Wasser im Ohr



Egal ob nach dem Haare waschen, einer ausgiebigen Dusche, einem Vollbad inklusive Tauchgang oder einem Schwimmbadbesuch - schnell hat man Wasser im Ohr und sucht verzweifelt nach einer Möglichkeit, dem Wasser den Weg aus dem Ohr zu zeigen. Gerät Wasser in den Gehörgang, so macht sich dies beim Betroffenen meist durch Gluckern, ein gedämpftes Hörvermögen oder Knackgeräusche bemerkbar.

Hat man Wasser im Ohr, sollte man den Kopf schief legen oder sich seitlich, mit dem betroffenen Ohr nach unten hinlegen. Oftmals findet das Wasser durch diese Methode ganz von selbst den Weg nach draußen. In manchen Fällen hilft es auch, das Ohr mit einem Handtuch trocken zu tupfen. Bleiben diese Versuche wirkungslos, sollte man keinesfalls versuchen, das Wasser mit einem Wattestäbchen aus dem Ohr zu holen. Dies kann im schlimmsten Fall das Trommelfell verletzen oder die Flüssigkeit noch tiefer in den Gehörgang drücken. Stattdessen sollte bei anhaltenden Beschwerden ein Ohrenarzt aufgesucht werden, da eine Verstopfung mit Ohrenschmalz bestehen kann und dieses professionell herausgespült werden muss.

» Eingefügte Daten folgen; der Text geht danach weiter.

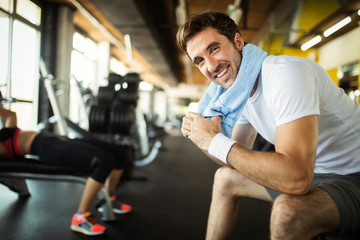 Lifestyle portrait of handsome muscular man after the training in the sport gym - obrazy, fototapety, plakaty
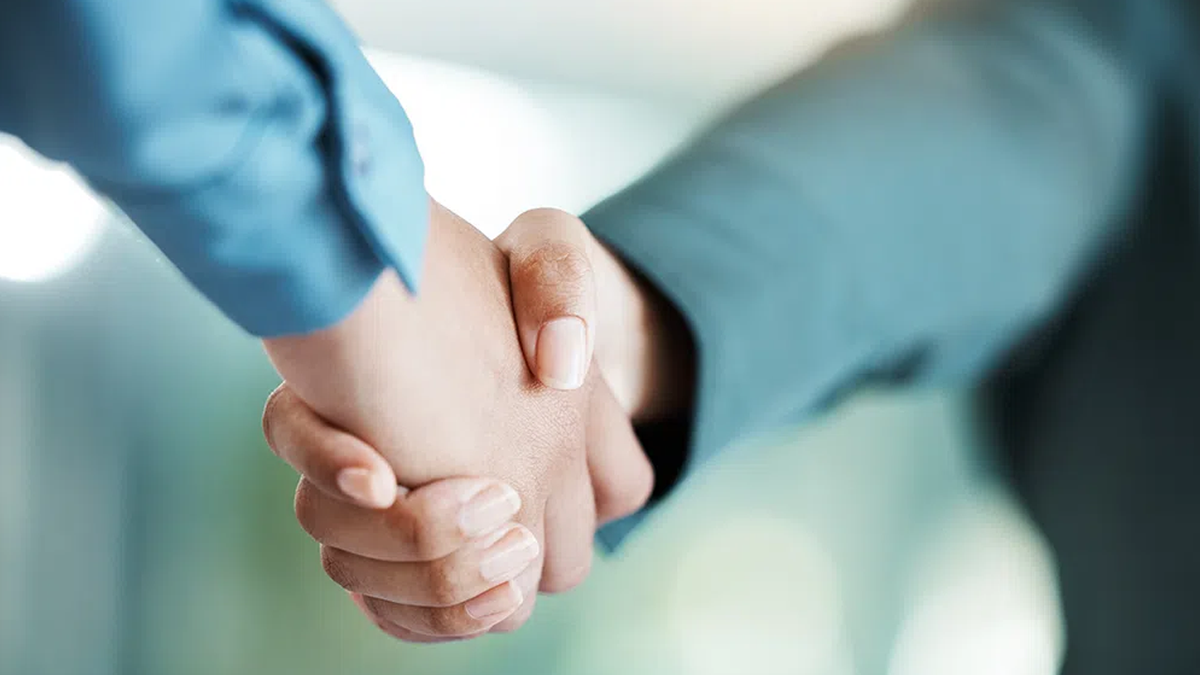 Two people shaking hands.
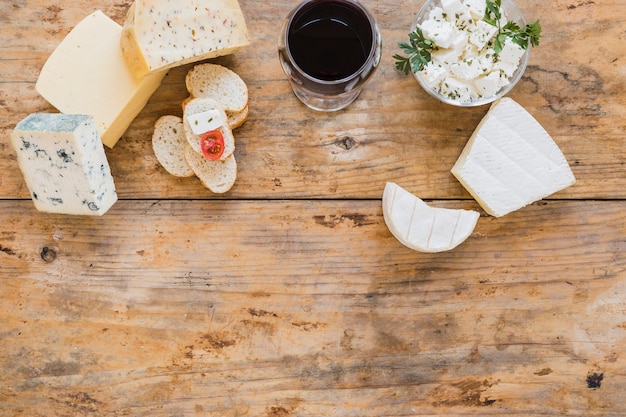 Cheese blocks with red wine and bread on wooden desk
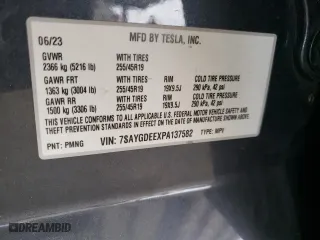 2023 Tesla Model Y Long Range with VIN 7SAYGDEEXPA137582, listed as a Copart auction lot 46869265 with 16,474 mi miles and Salvage Title. Bid and sale history available at carsss.com. Image 14.
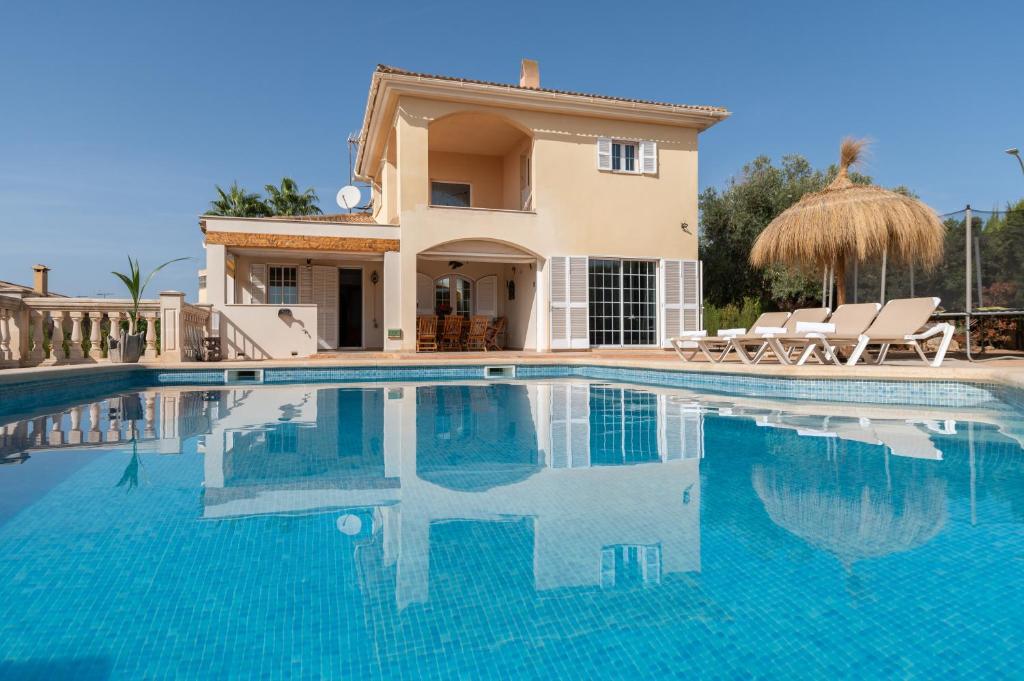 a villa with a swimming pool in front of a house at Villa Sayana in Palma de Mallorca
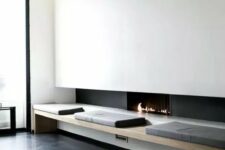 a minimalist ethanol fireplace, a comfy bench next to it bring a touch of luxury to the interior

Nicht immer ist Wasser im Ohr harmlos. Es können Keime, meist sind es Bakterien, in den Gehörgang eindringen und sich dort aufgrund der Körperwärme optimal vermehren. Dies kann eine Mittelohrentzündung verursachen. Anzeichen hierfür sind meist ein plötzliches Druckgefühl sowie Juckreiz, eine Verminderung des Hörvermögens und eine zunehmende Verengung des Gehörgangs. Werden diese Symptome frühzeitig bemerkt, kann eine entsprechende Behandlung eingeleitet und eine Mittelohrentzündung oftmals umgangen werden.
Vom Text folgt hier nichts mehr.